We're going to talk about, one is the Angoff method and
the other is the Hofstee method.
So first the Angoff method is a test-centered method for
setting your standard.
10:11
And the absolute highest fail rate we could tolerate would be about 15%.
Then we would also look at the number of items that we think should be correct.
So, the absolute highest number that would be an acceptable performance
would be 70 questions, and the absolute lowest would be 60.
So you come up with this box of sort of where's our range of where the cut point
should be?
And then you actually plot that against the student performance curve.
And where those two intersect is basically your pass-fail cut point.
So you could say from this graph that
our panel of experts said that we don't want less than 2 to 3% failing,
and we don't want more that 15% of our students failing.
And we think that the items correct in a 100-point exam is somewhere between 60 and
70.
And if we look at how our learners actually performed, the place where that
sort of cuts is at the 66 to 67% rate.
And then that means we may have about 10 to 15% of the students failing.
And we have to decide as a group and
as a panel of experts if that's an okay number to pick up.
To say, when we administer this exam,
we know there's going to be 15% who may fall below that cut point.
11:33
So again,
you may have unique ramifications from where you set your cut point.
You actually may pass too many students and
miss a student who shouldn't have been passed.
There's always the practical aspects of administering a test.

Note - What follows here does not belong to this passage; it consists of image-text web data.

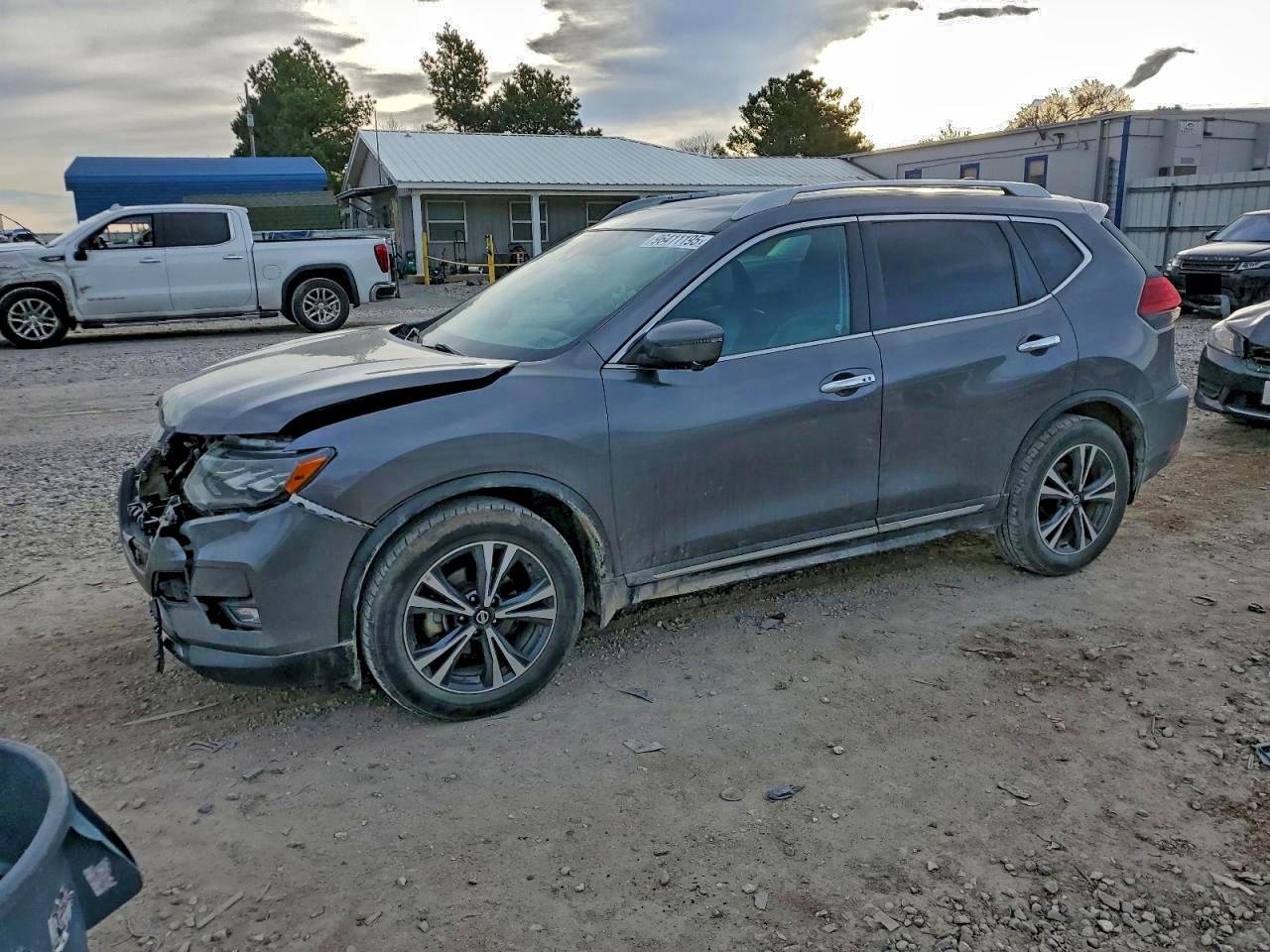 Nissan Rogue S Image 1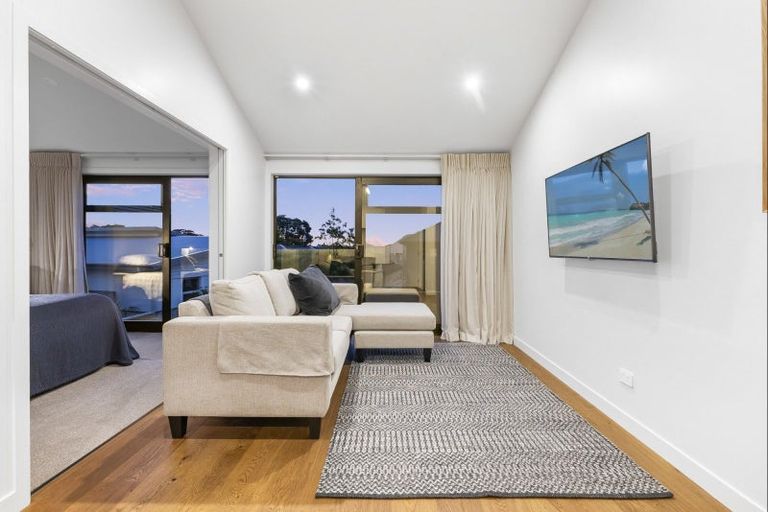 Photo of property in 5a Allison Avenue, Mount Maunganui, 3116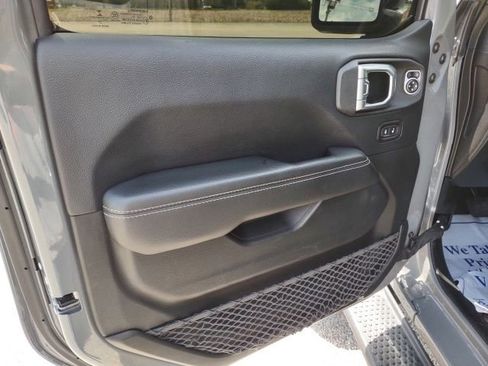 Used 2018 Jeep Wrangler Unlimited Sahara AWD/4WD image 10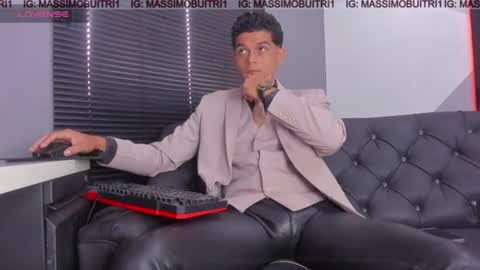 Snapshot of massimo_g chatting on June 2026 02:43:01 PM I am Massimo online show from June 2026 02:43:01 PM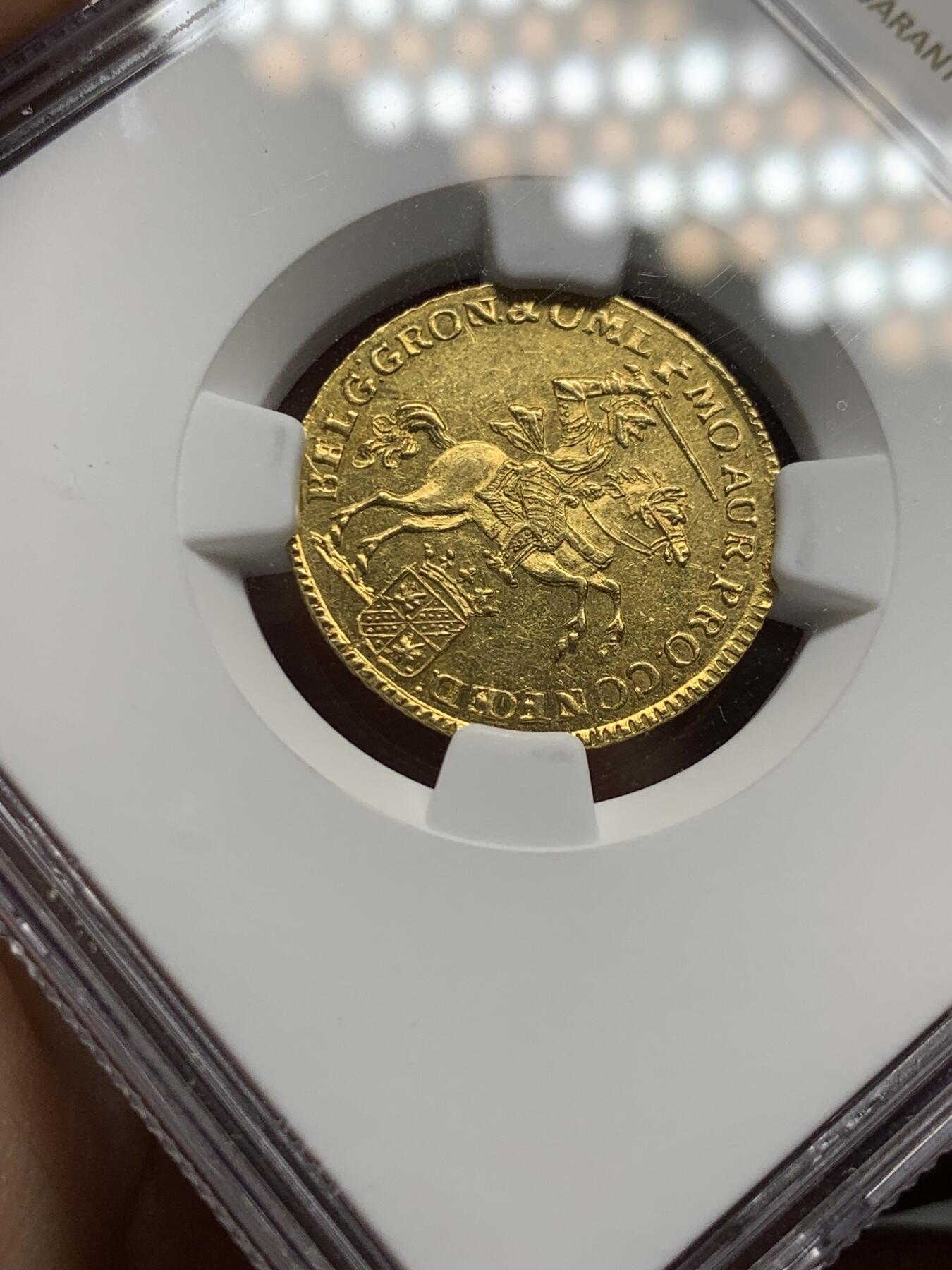 《竞宝斋》第335场 周日，周一 2场连拍 （全场包邮） 最稀少的省 NGC MS62 荷兰 1761年 格罗宁根省和奥默兰登省 7盾 马剑金币 4.965克  看到100个乌特勒支大马剑也见不到一个格罗宁根，银马剑几年没见到了，金的还好，也很缺 值得收藏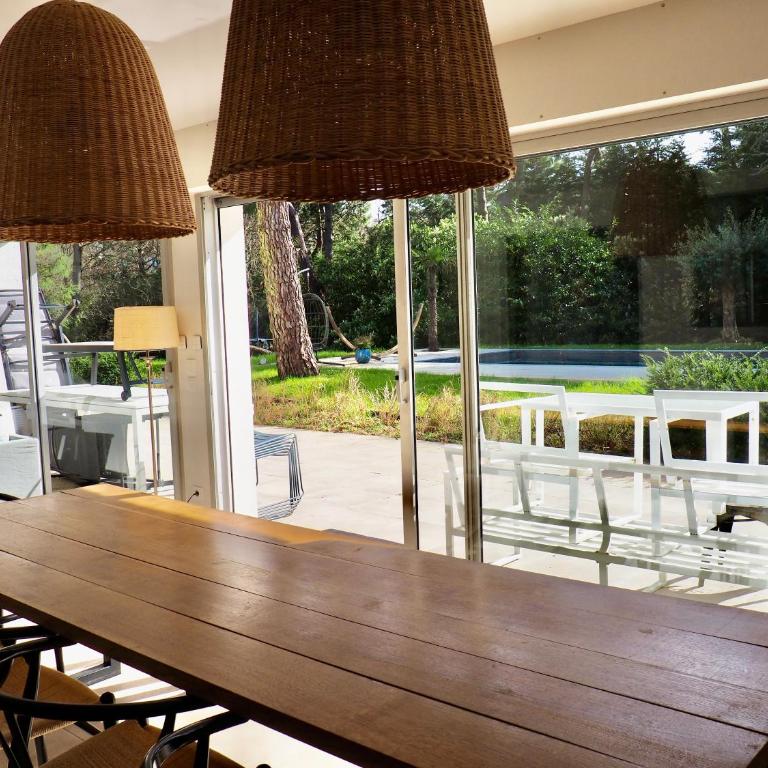 Villa avec piscine au coeur de la forêt - Villa - 9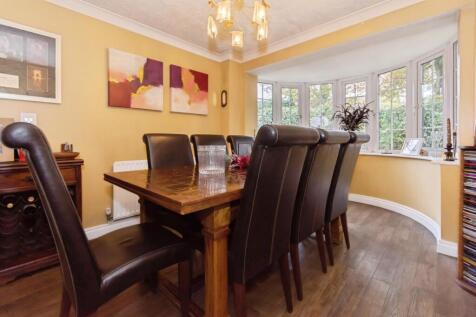Dining Room (b).jpg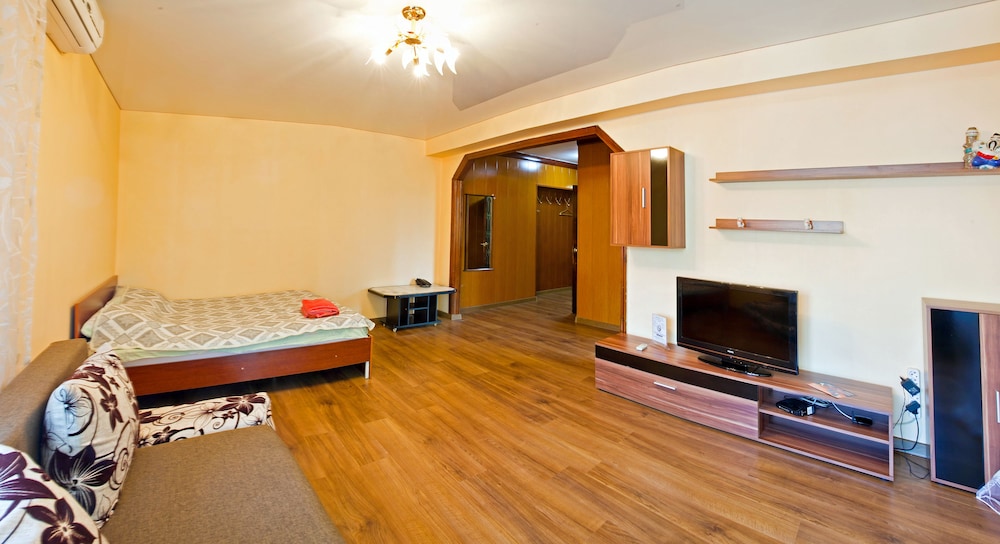 Family Studio Suite, Balcony (Zheltoksan Street 78) photo 2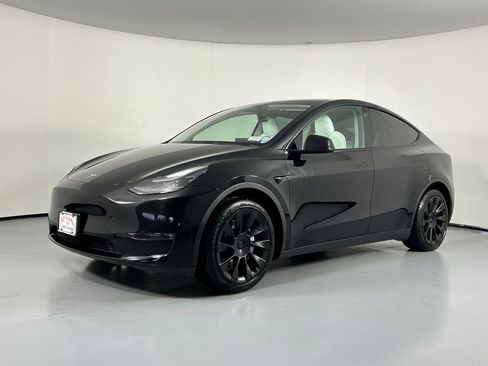 Used 2022 Tesla Model Y Long Range image 3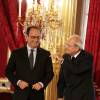 François Hollande et Marc Ladreit de Lacharrière - Remise du Prix de l'Audace Créatrice à Jean-Claude Maillard, PDG et fondateur du groupe Figeac Aéro, au palais de l'Elysée à Paris, le 15 septembre 2015.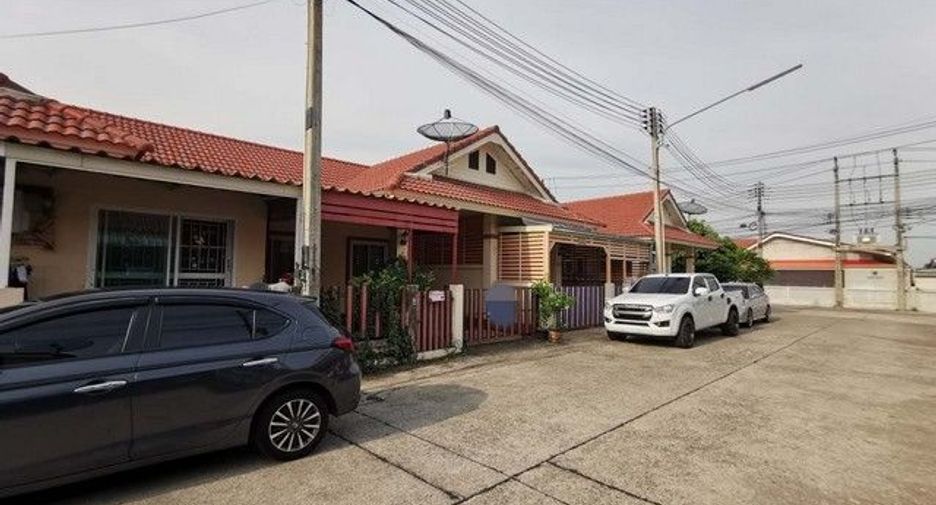 For sale 2 bedrooms townhouse in Ban Bueng, Chonburi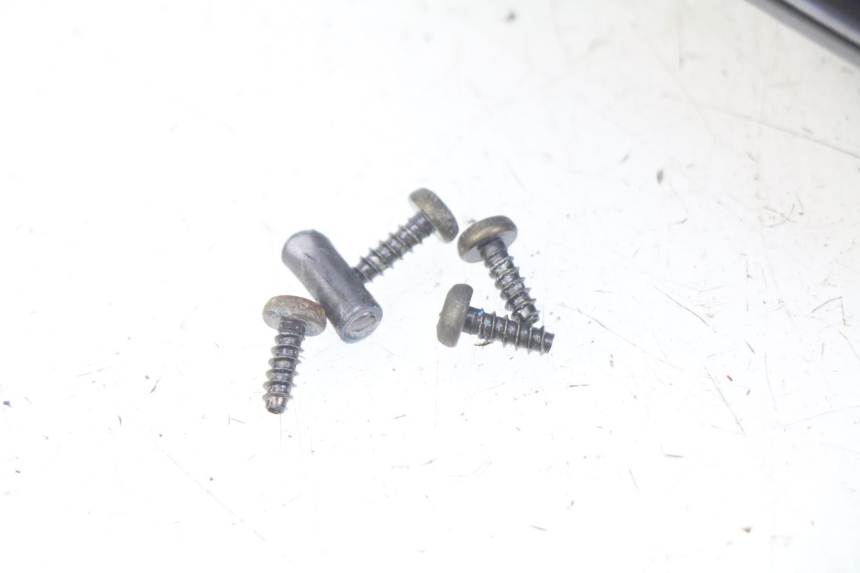 photo de WINDSHIELD PEUGEOT KISBEE 4T 50 (2010 - 2017) - Fixing points details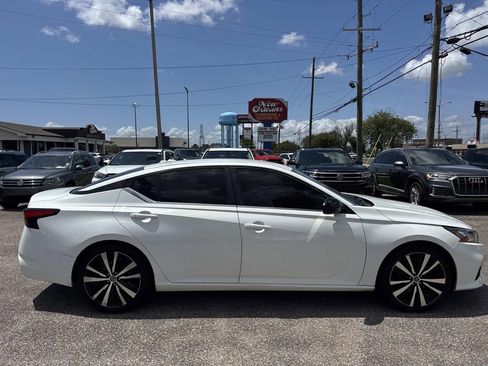Used 2022 Nissan Altima 2.5 SR FWD image 10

Some people would say 15% is way too high.
I can't redo that standardized patient performance, or
I can't re-administer a test to 15% of 20,000 people.
And then remember that the cut-point for
the Hofstee is gonna depend on sort of the rectangle and
the curve of student performance, and they're actually gonna have to intersect.
So sometimes the way that people perform on the exam is not
what your panel of experts actually wanted them to or predicted them to.
And so, you may have to shift or you may have to go back and
say, is this really measuring what we think we're measuring?
Is this exam correct?
What else do we need to do?
12:29
So standard setting is very, very, difficult.
It certainly will not be clear to you,
or crystal clear anyway, in sort of this short video.
My intent here is to make you aware of the different options.
And to just raise your awareness about things to consider when we're creating
an assessments around intentional instructional methods.
Remember that the higher the stakes,
the more intentional your process of standard setting needs to be.
Your standards, no matter what you decide, need to be defensible.
They need to make sense.
They need to be reproducible and relative to the context that you're in.
And depending on how things evolve,
your standard may need to be revisited or changed over time.